Mr. Leight is a collaboration between Garrett (owner of Garrett Leight) and his father, Larry, the founder of Oliver Peoples. This line serves the same ethos but is even more elevated, meaning finer materials, more intricate designs and enhanced durability. Come here for an investment-level set that'll last forever.
Ace and Tate launched in the US in 2020 with a vision similar to Warby Parker's in that it would bring affordability to designer eyewear. And they've done just that. Most pairs are right around $100, and the experience is far easier and more fun than visiting an optician.
You've probably heard of Persol. The brand, an on-screen favorite of everyone from James Bond to Batman, produces a massive collection of handsome eyewear. It's been doing so since 1917, but it no longer does it independently. Luxottica (which owns Ray-Ban and Oakley, too) bought Persol in 1990.
One of the worst parts about glasses is the immediacy with which you're disqualified from a bunch of adventure sports. It's hard to run with some pairs and sports like basketball or even football make it dangerous to jaunt around with glasses on. Roka's pairs promise to never slip off, courtesy of a proprietary grip on the inside of the arms. It's tacky but not sticky, and they really do stay.
New luxury eyewear brand Native Sons is spearheaded by designer Tommy O'Gara (f0rmerly of DITA) and Shinsuke Takizawa, the creator of NEIGHBORHOOD. O'Gara draws every frame by hand, and they're made in Japan by the brand's six-person manufacturing team. Together they make roughly 2,000 a month. They're artful and avant-garde and yet totally timeless.
For Tommy O’Gara, the celebrated designer behind Sauvage, Native Sons and Max Pittion, small details make all the difference.

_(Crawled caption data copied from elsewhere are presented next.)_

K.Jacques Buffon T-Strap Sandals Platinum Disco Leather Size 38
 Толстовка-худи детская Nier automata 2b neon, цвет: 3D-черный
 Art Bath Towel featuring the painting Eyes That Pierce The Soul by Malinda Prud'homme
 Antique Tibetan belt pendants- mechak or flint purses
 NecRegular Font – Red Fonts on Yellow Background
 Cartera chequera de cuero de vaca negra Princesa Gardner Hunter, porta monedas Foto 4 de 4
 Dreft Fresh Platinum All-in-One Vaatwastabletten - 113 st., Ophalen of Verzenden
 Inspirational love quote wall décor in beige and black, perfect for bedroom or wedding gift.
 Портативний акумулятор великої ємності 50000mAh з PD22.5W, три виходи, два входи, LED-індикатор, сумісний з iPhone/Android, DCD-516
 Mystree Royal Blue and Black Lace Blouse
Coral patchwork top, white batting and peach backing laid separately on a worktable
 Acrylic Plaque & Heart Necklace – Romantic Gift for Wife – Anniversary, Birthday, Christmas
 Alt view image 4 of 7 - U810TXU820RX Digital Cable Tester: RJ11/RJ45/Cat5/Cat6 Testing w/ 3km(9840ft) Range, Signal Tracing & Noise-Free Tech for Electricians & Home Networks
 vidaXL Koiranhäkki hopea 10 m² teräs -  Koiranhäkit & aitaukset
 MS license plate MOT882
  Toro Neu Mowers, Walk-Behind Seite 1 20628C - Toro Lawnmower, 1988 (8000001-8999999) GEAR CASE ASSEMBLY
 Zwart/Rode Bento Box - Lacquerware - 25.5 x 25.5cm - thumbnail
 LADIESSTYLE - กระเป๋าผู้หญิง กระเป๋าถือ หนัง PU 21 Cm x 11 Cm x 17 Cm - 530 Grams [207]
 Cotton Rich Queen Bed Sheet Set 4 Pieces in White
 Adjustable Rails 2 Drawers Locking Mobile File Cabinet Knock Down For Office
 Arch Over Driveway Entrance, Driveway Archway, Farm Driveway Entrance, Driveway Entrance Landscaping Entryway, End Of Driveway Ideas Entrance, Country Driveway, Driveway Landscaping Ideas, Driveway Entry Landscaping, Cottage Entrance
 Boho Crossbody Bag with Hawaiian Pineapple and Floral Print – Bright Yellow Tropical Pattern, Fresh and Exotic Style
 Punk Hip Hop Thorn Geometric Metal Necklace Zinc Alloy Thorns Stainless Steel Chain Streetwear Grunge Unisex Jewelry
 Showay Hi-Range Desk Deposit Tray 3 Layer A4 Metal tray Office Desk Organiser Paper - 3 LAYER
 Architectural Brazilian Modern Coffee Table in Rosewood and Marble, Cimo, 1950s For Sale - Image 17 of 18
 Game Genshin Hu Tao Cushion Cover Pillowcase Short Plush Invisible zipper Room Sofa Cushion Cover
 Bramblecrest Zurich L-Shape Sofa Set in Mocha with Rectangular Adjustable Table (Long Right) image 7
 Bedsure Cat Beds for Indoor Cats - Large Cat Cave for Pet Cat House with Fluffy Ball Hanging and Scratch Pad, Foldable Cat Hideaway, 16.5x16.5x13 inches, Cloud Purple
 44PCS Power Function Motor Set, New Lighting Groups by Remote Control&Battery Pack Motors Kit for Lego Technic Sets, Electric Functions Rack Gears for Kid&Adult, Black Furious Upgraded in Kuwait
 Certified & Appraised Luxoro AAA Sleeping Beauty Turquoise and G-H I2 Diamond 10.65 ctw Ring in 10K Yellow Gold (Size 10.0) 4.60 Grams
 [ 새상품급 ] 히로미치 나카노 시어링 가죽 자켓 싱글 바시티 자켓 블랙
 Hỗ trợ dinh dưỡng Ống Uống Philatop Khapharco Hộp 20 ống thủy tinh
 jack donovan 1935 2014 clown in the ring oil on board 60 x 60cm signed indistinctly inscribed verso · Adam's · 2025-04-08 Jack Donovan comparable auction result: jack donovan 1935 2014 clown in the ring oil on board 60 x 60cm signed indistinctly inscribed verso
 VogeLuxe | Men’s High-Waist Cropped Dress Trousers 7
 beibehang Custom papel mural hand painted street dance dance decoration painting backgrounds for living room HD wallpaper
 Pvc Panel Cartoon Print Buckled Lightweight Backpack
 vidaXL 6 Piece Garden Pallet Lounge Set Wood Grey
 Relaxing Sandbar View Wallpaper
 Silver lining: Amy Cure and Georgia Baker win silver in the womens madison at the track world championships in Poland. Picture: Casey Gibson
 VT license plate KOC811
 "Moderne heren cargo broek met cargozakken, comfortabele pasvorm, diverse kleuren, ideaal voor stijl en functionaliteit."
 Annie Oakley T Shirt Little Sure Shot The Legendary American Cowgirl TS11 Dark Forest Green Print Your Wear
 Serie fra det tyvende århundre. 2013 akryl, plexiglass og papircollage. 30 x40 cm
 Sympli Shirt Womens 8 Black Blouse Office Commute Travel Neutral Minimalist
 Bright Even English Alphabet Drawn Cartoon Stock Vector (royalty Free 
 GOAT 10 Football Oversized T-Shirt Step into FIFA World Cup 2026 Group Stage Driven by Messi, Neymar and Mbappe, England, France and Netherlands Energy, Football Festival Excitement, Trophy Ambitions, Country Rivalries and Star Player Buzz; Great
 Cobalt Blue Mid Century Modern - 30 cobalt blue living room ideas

Raen makes a range of flattering sunglasses and eyeglasses that mix modern and timeless design theories. They're another brand based in California, although this time further north, in San Diego. There, cool surfers and casual beach bums influence the brand, which merges sophistication and simplicity.
Mitsuhiro Matsuda launched his namesake, Toky0-based fashion brand in 1967. By the 80s, the brand was renowned for its ready-to-wear and eyewear, of which both were revered for striking lines and interesting influences. This remains true to this day because the glasses, a range of fashion-forward, craftsmanship-focused frames, look as good as ever.
Contemporary brand Retrosuperfuture was founded in 2007 and is based out of Italy. The designs recently arrived stateside to widespread acclaim. They mix European aesthetics with refined tailoring references, streetwear cues and occasional pops of color.
Moscot's made a name for itself in New York City since 1899, when Hyman Moscot sold eyeglasses from his pushcart in downtown Manhattan. The brand remains family-owned and -operated, although the collection's been divvied up into two categories, Moscot Originals and Moscot Spirit, the latter of which riffs on Moscot's signature designs with pops of color, ornamentation and other adornments. You'll find a lot of acetate frames, but the occasional metal ones, too.
Oliver Peoples was founded by Mr. Leight co-founder Larry Leight. It launched in 1986, then independently, although the brand has since been sold to Luxottica (who owns Oakley and Ray-Ban). All of the frames are designed in LA and manufactured in Japan or Italy, like many other brands that sustain similar quality levels. You can find Oliver Peoples at eponymous boutiques or a bunch of eyeglass retailers.
Cutler and Gross gathers inspiration from interesting sources: art and architecture, parks and progressive design movements. These influences result in frames that push the boundaries of vision correction, veering it closer toward art than merely a means of seeing better. (But, don't fret, these will surely help you see better.)